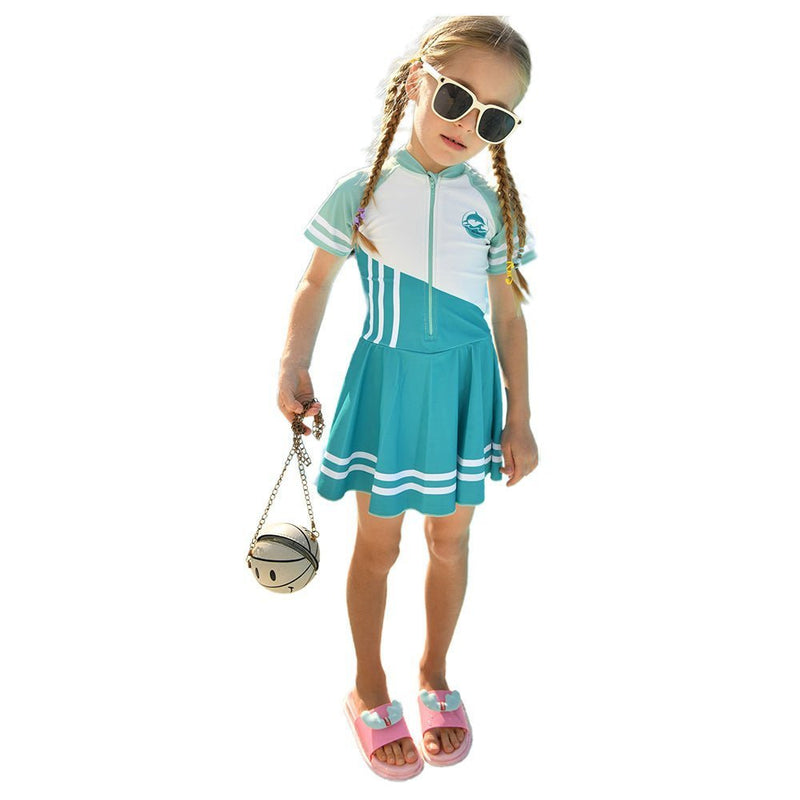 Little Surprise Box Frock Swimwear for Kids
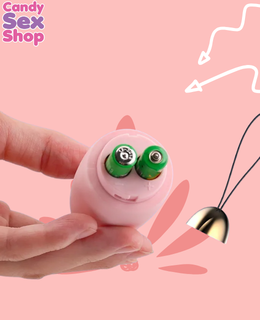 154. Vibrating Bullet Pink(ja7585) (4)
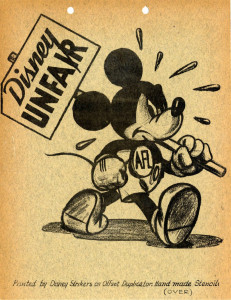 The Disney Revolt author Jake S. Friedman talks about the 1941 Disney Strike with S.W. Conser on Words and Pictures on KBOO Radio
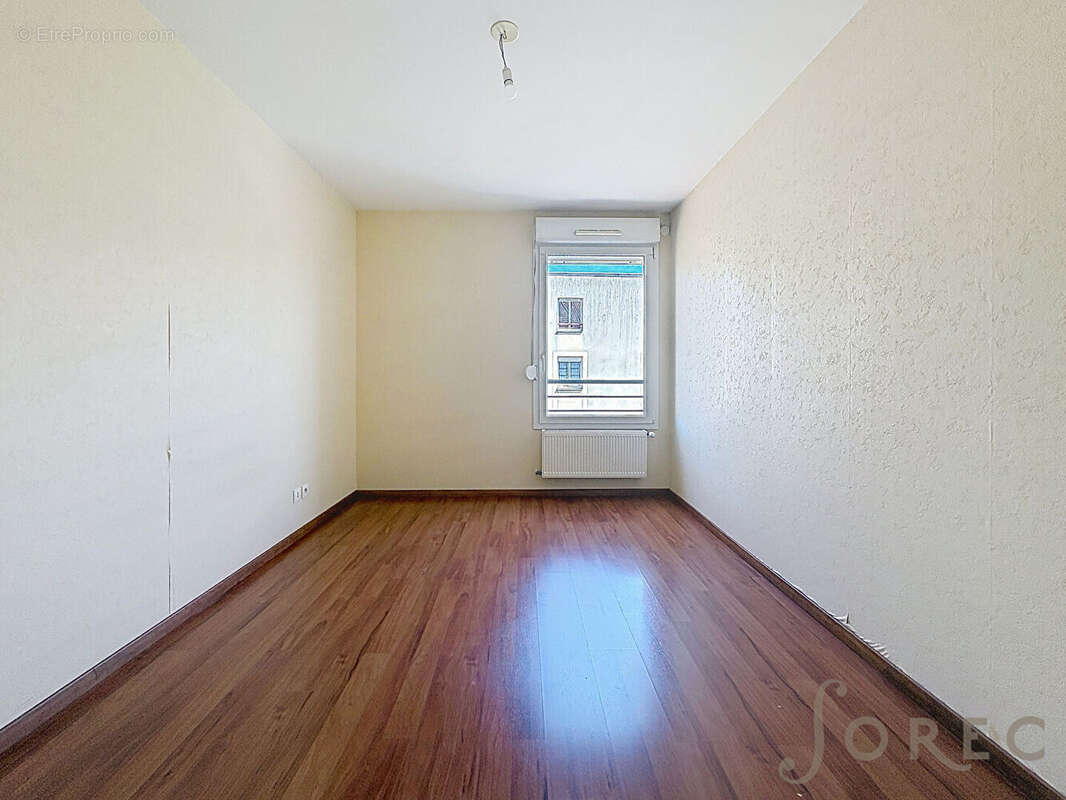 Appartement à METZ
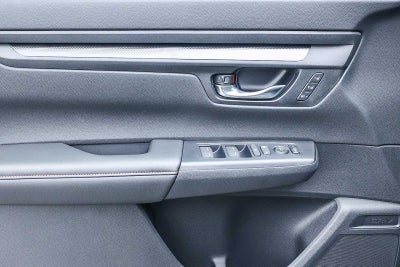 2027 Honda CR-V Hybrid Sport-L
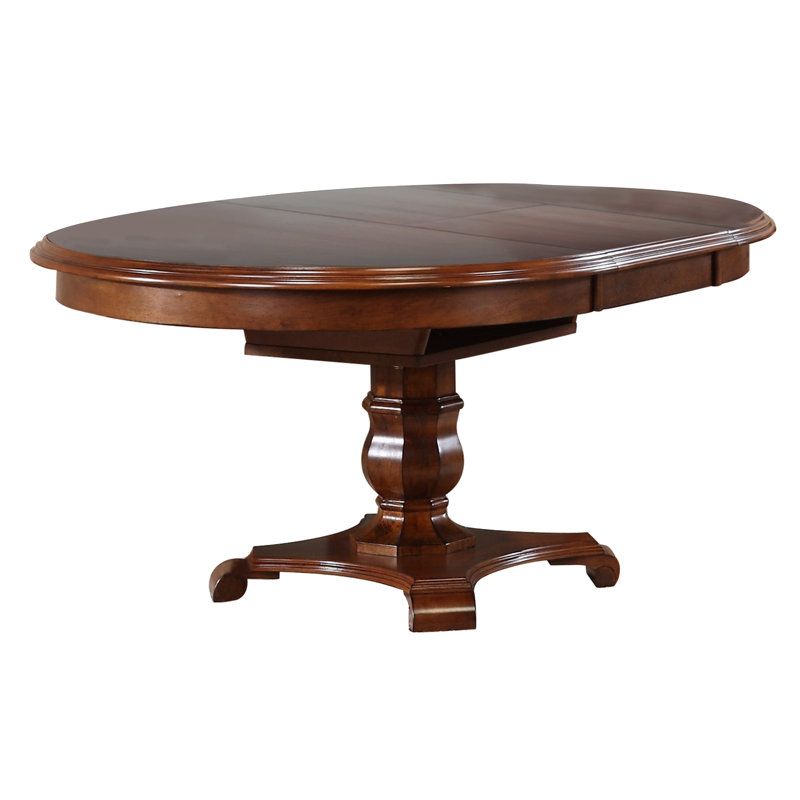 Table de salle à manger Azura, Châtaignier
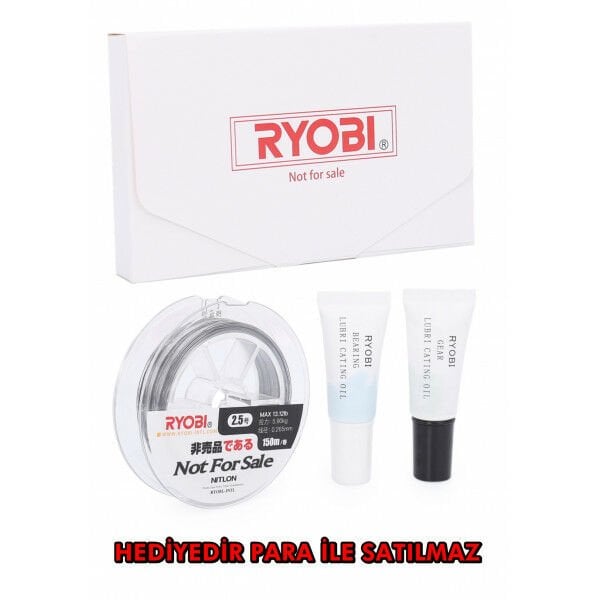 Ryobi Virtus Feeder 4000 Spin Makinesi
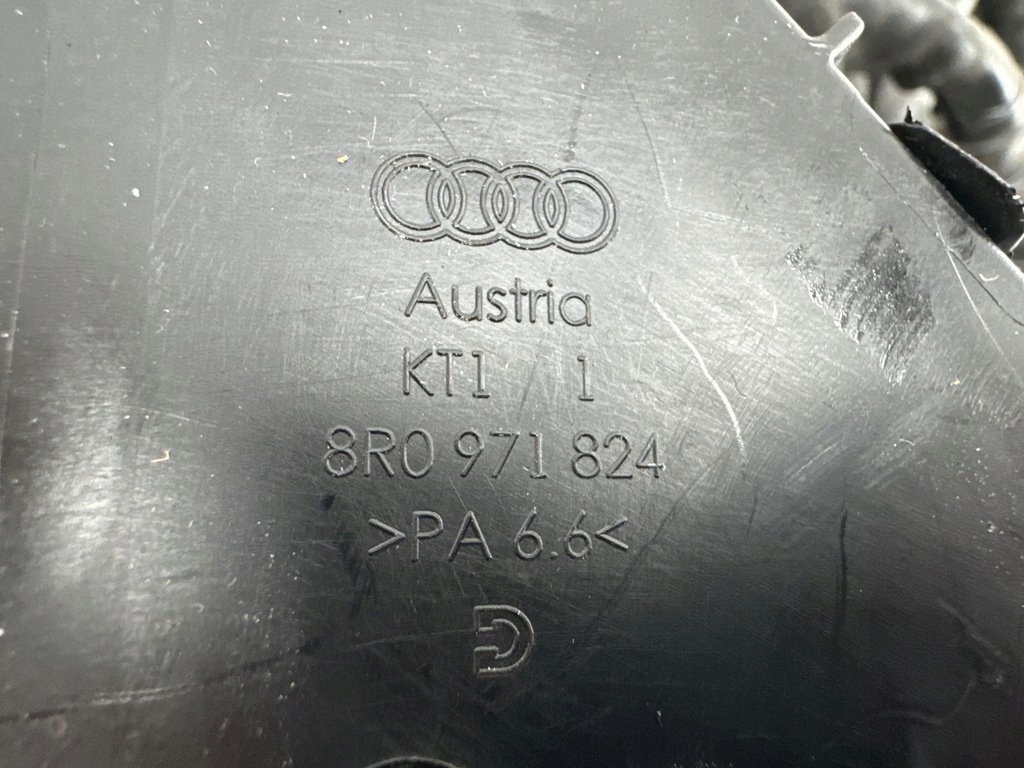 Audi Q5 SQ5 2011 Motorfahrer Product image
☆ ☆ ☆ ☆
**What to work on**. Repeat each line above exactly as it reads, omitting any pictures.

**Written solution**.
 Little Surprise Box Frock Swimwear for Kids
 154. Vibrating Bullet Pink(ja7585) (4)
 The Disney Revolt author Jake S. Friedman talks about the 1941 Disney Strike with S.W. Conser on Words and Pictures on KBOO Radio
 Appartement à METZ
 2027 Honda CR-V Hybrid Sport-L
 Table de salle à manger Azura, Châtaignier
 Ryobi Virtus Feeder 4000 Spin Makinesi
 Audi Q5 SQ5 2011 Motorfahrer Product image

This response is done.